> **DATA FOR THIS TASK**
========
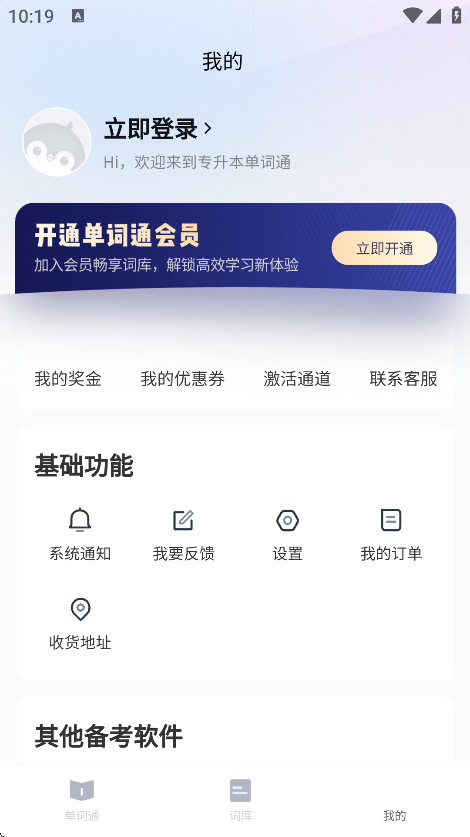 專升本單詞通app2
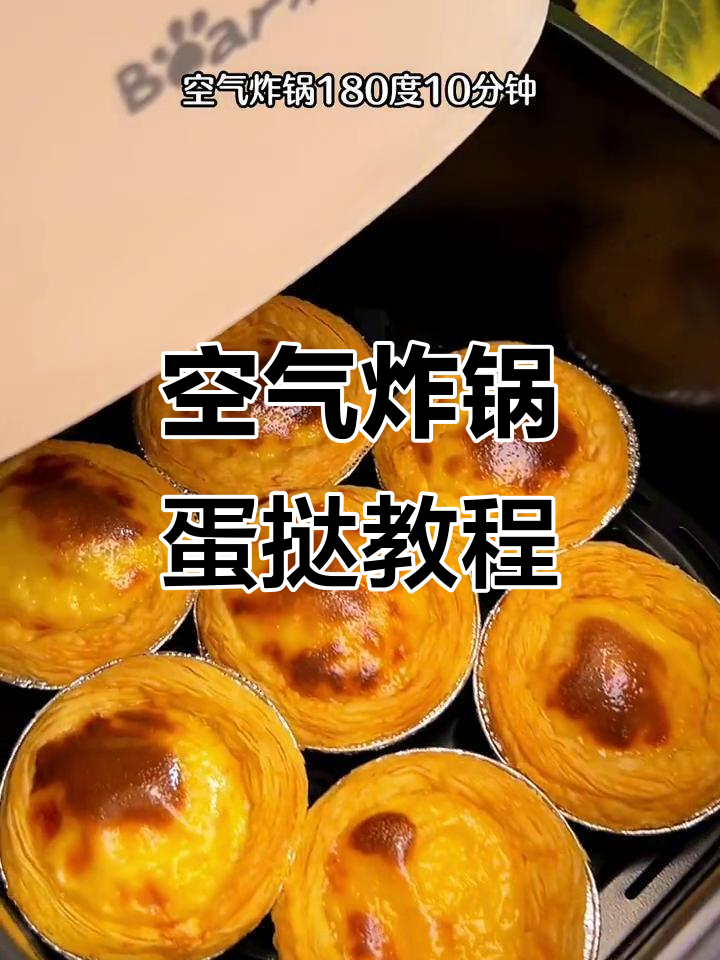 空气炸锅蛋挞,香酥可口,层次分明!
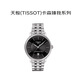 天梭（TISSOT）瑞士手表卡森臻我系列自動(dòng)機械男表送禮T122.407.11.051.00禮物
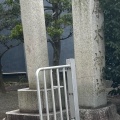 実際訪問したユーザーが直接撮影して投稿した厚木町神社厚木神社の写真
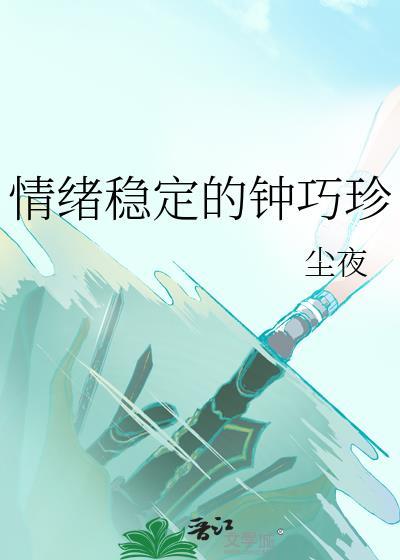 情绪极其稳定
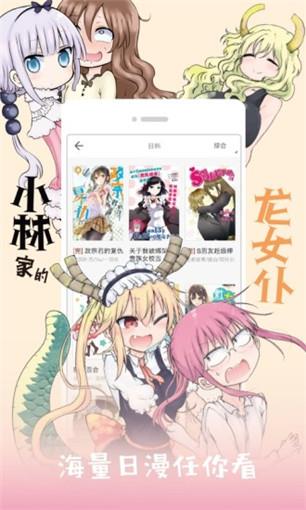 火车漫画破解版  v1.0图2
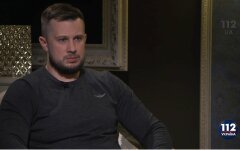 Билецкий
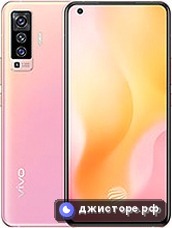 vivo X50 5G — главное фото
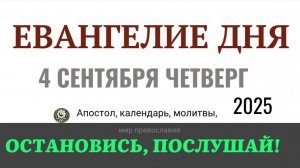 4 сентября четверг Евангелие дня 2025 с толкованием #евангелие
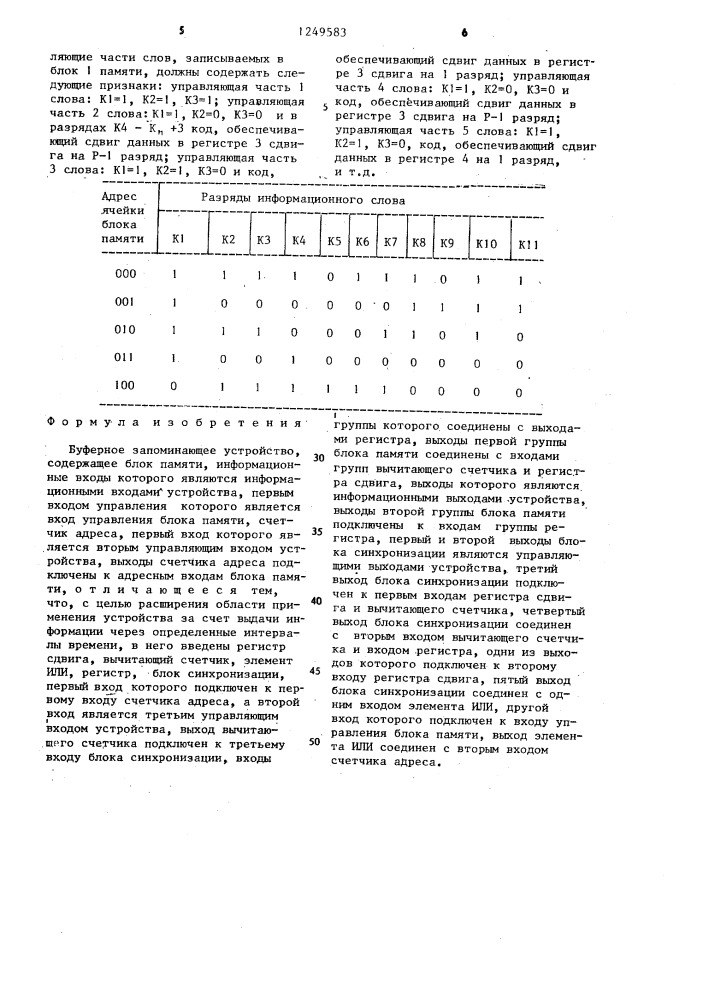 Буферное запоминающее устройство (патент 1249583)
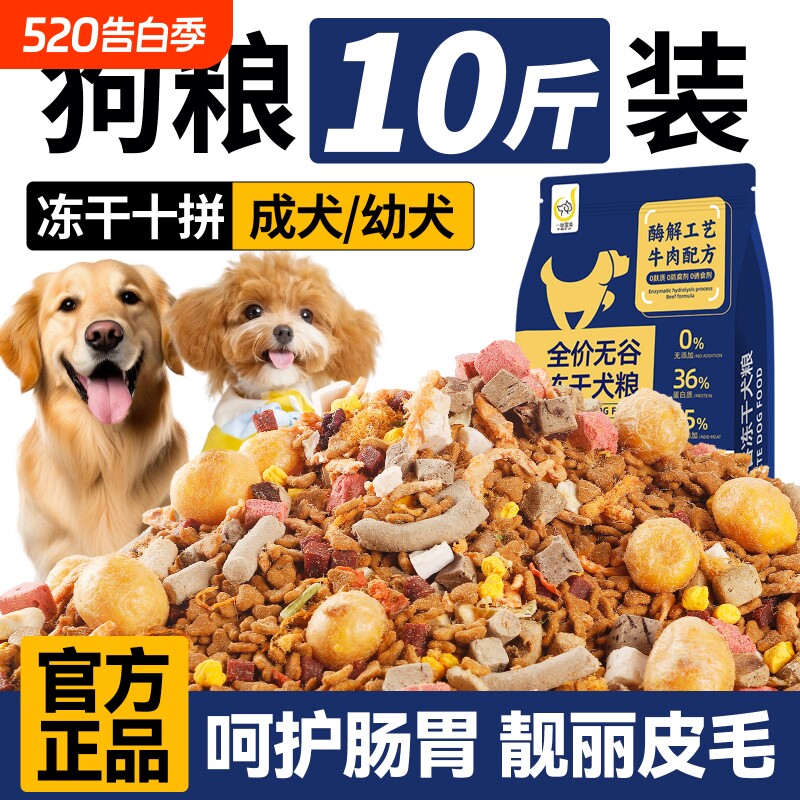 狗粮通用型10斤装冻干营养搭配低温烘焙小型犬成犬牛肉配方全价粮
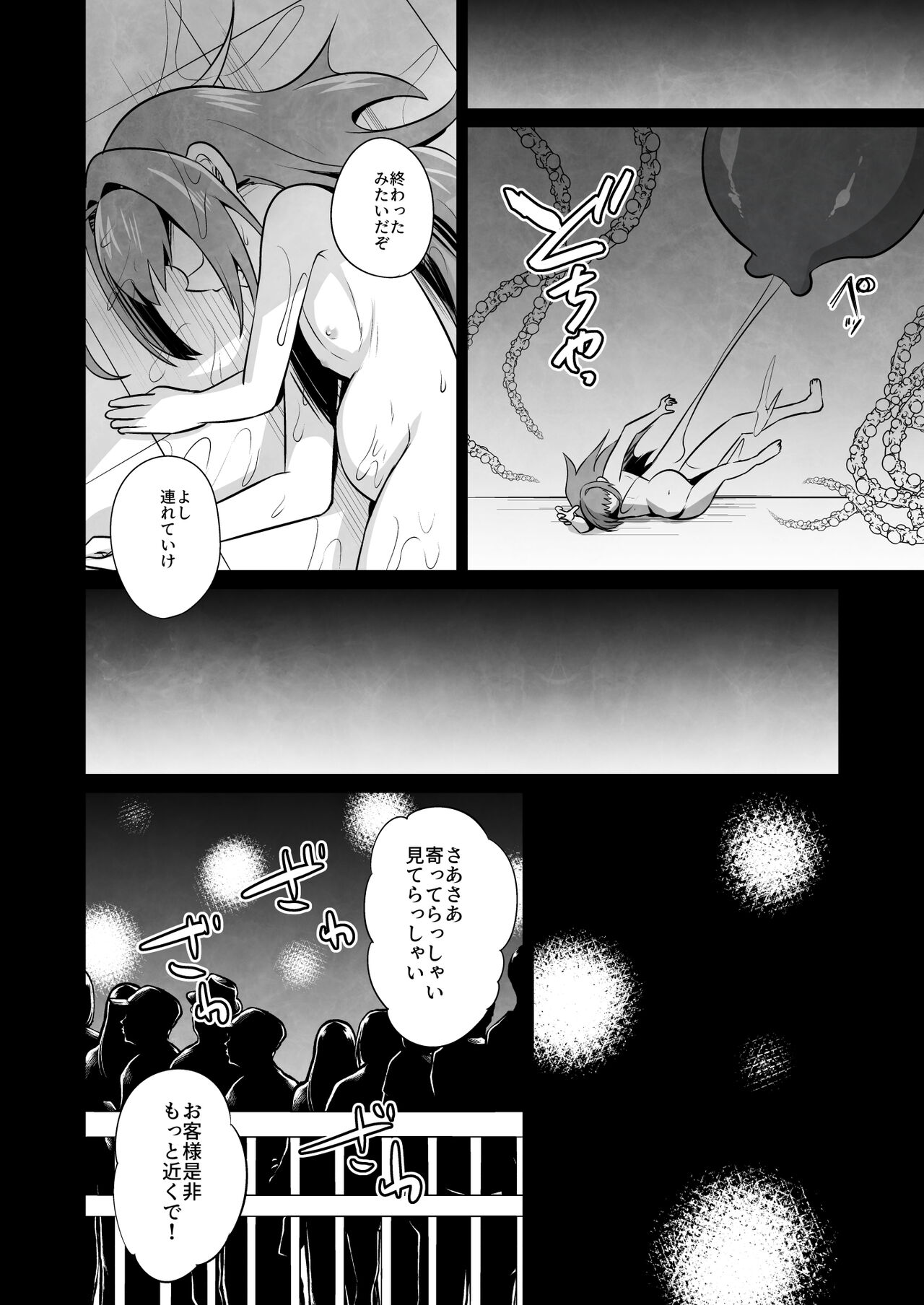 Naedoko Shounen 2 page 12 full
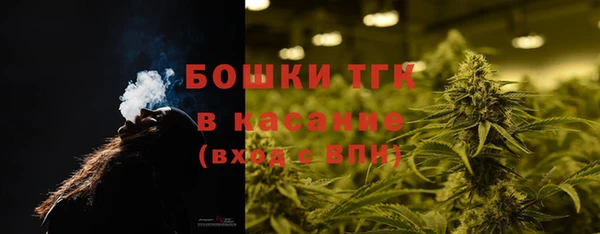 ALPHA PVP Армянск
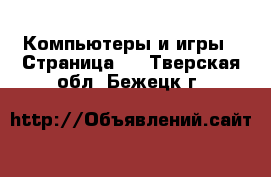  Компьютеры и игры - Страница 4 . Тверская обл.,Бежецк г.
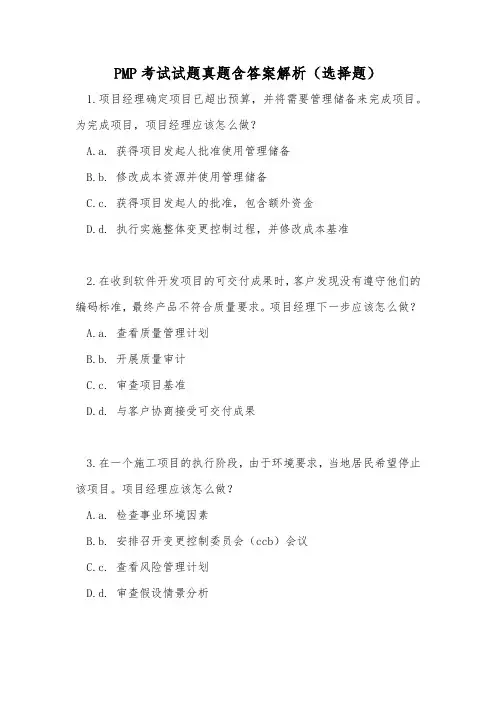 PMP考试试题真题含答案解析(选择题)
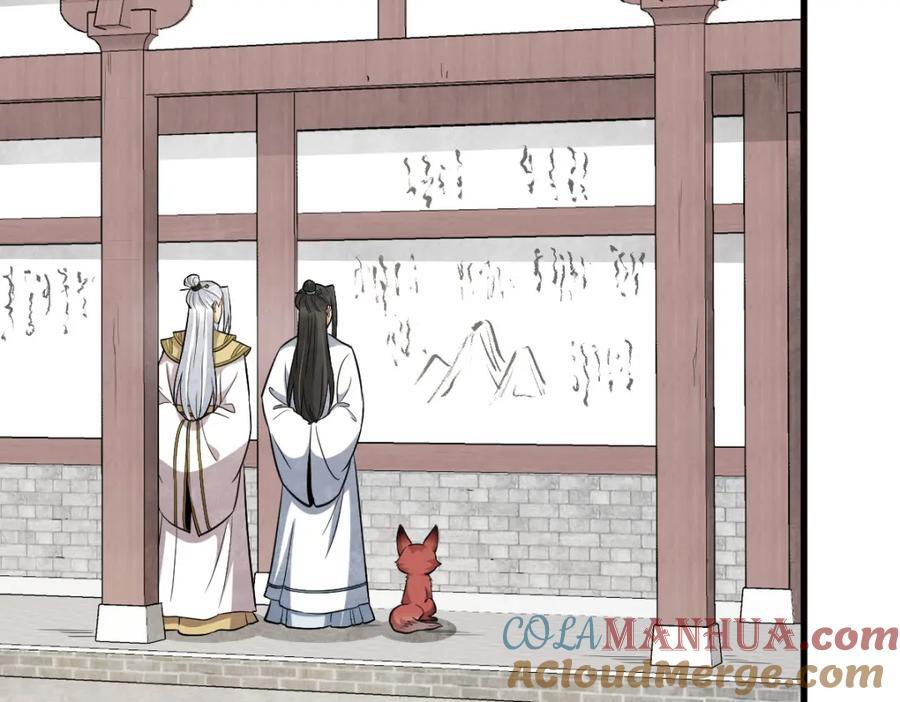 第239话48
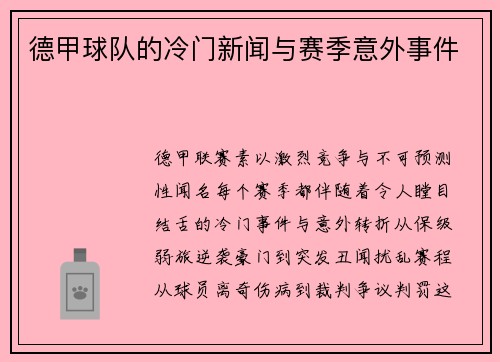 德甲球队的冷门新闻与赛季意外事件
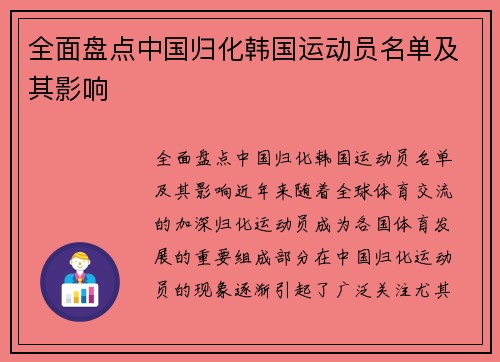 全面盘点中国归化韩国运动员名单及其影响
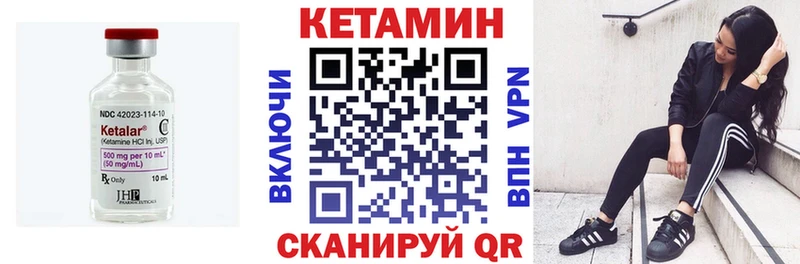 КЕТАМИН ketamine Каменногорск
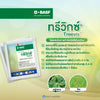 ทรีวิกซ์ ขนาด 10 กรัม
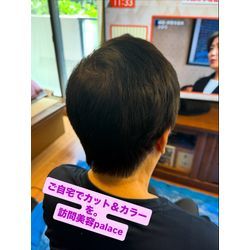 【習志野市】千葉県の訪問美容師で口コミ満足No.1❗️訪問美容palace（パレス）の画像1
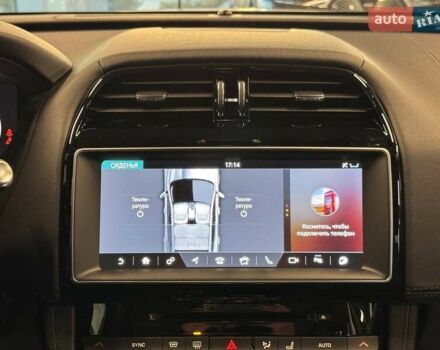 Серый Ягуар Ф-Пейс, объемом двигателя 3 л и пробегом 161 тыс. км за 27900 $, фото 46 на Automoto.ua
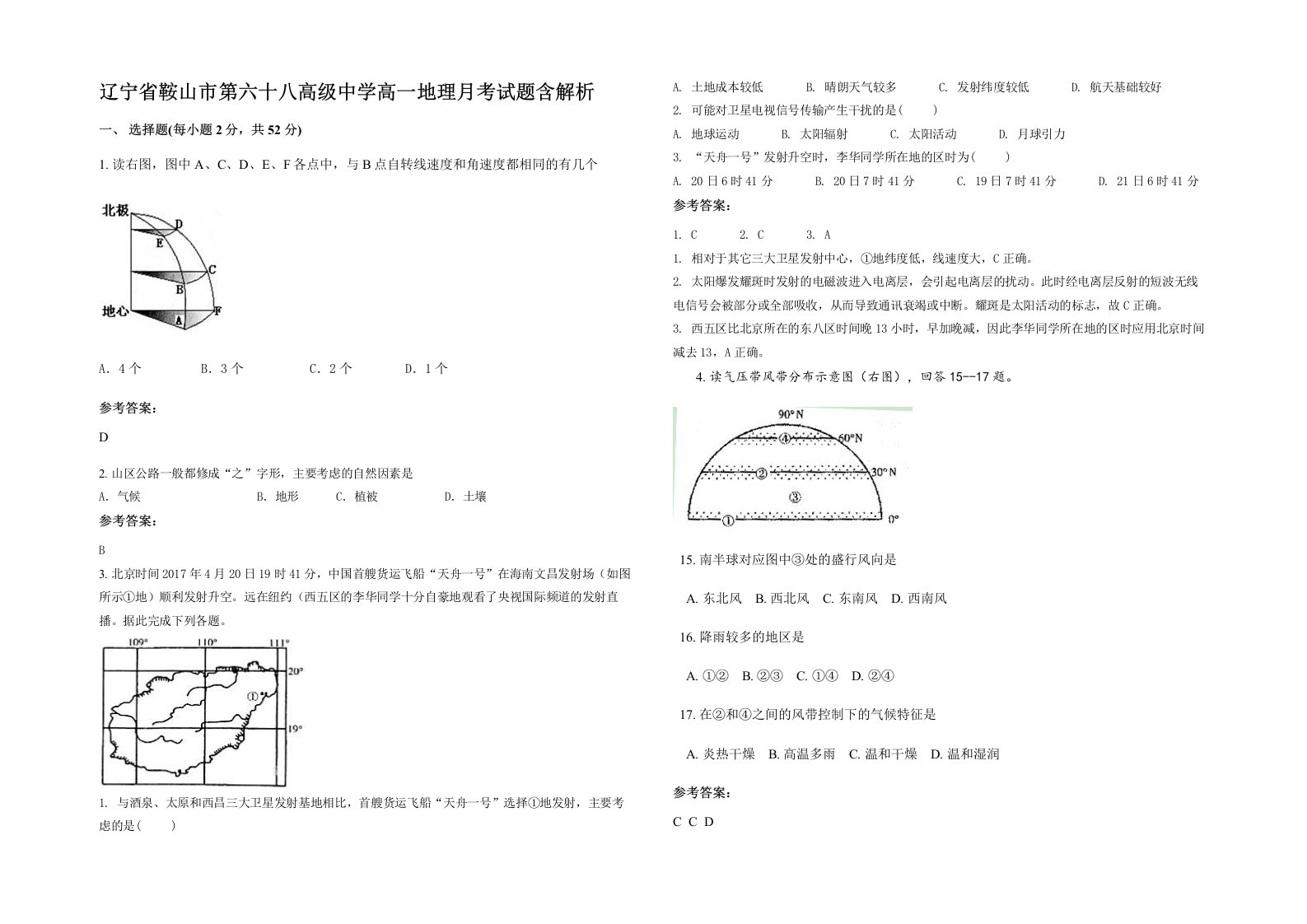 辽宁省鞍山市第六十八高级中学高一地理月考试题含解析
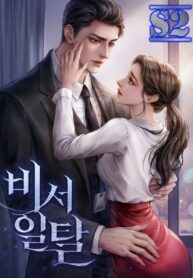 Secretary Deviance – s2manga.com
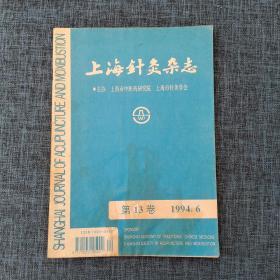 上海针灸杂志 1994年6月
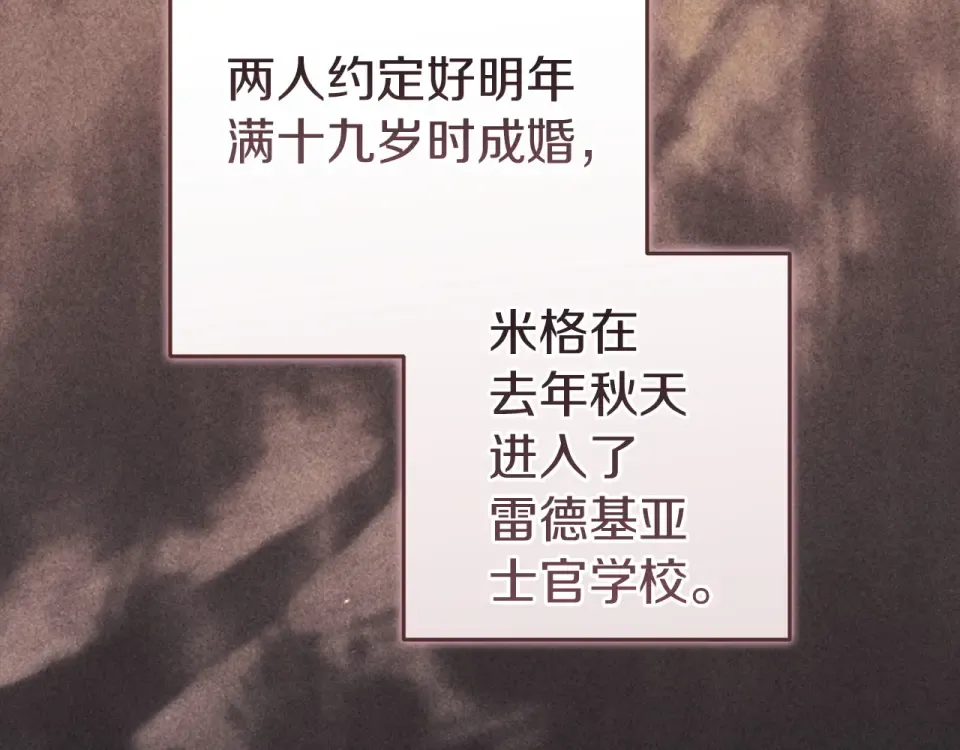 第114话 无法原谅 第108页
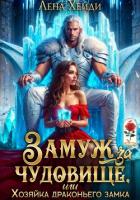 Книга Замуж за чудовище, или Хозяйка драконьего замка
========
> **TASK STATEMENT**
An exact copy of the entries above is needed, with the pictures removed.

> **RESPONSE AREA**
 專升本單詞通app2
 空气炸锅蛋挞,香酥可口,层次分明!
 天梭（TISSOT）瑞士手表卡森臻我系列自動(dòng)機械男表送禮T122.407.11.051.00禮物
 実際訪問したユーザーが直接撮影して投稿した厚木町神社厚木神社の写真
 情绪极其稳定
 火车漫画破解版  v1.0图2
 Билецкий
 vivo X50 5G — главное фото
 4 сентября четверг Евангелие дня 2025 с толкованием #евангелие
 Буферное запоминающее устройство (патент 1249583)
 狗粮通用型10斤装冻干营养搭配低温烘焙小型犬成犬牛肉配方全价粮
 Naedoko Shounen 2 page 12 full
 ALPHA PVP Армянск
  Компьютеры и игры - Страница 4 . Тверская обл.,Бежецк г.
 PMP考试试题真题含答案解析(选择题)
 第239话48
 德甲球队的冷门新闻与赛季意外事件
 全面盘点中国归化韩国运动员名单及其影响
 КЕТАМИН ketamine Каменногорск
 ทรีวิกซ์ ขนาด 10 กรัม
 【習志野市】千葉県の訪問美容師で口コミ満足No.1❗️訪問美容palace（パレス）の画像1
 Серый Ягуар Ф-Пейс, объемом двигателя 3 л и пробегом 161 тыс. км за 27900 $, фото 46 на Automoto.ua
 辽宁省鞍山市第六十八高级中学高一地理月考试题含解析
 Secretary Deviance – s2manga.com
 上海针灸杂志 1994年6月
 第114话 无法原谅 第108页
 Книга Замуж за чудовище, или Хозяйка драконьего замка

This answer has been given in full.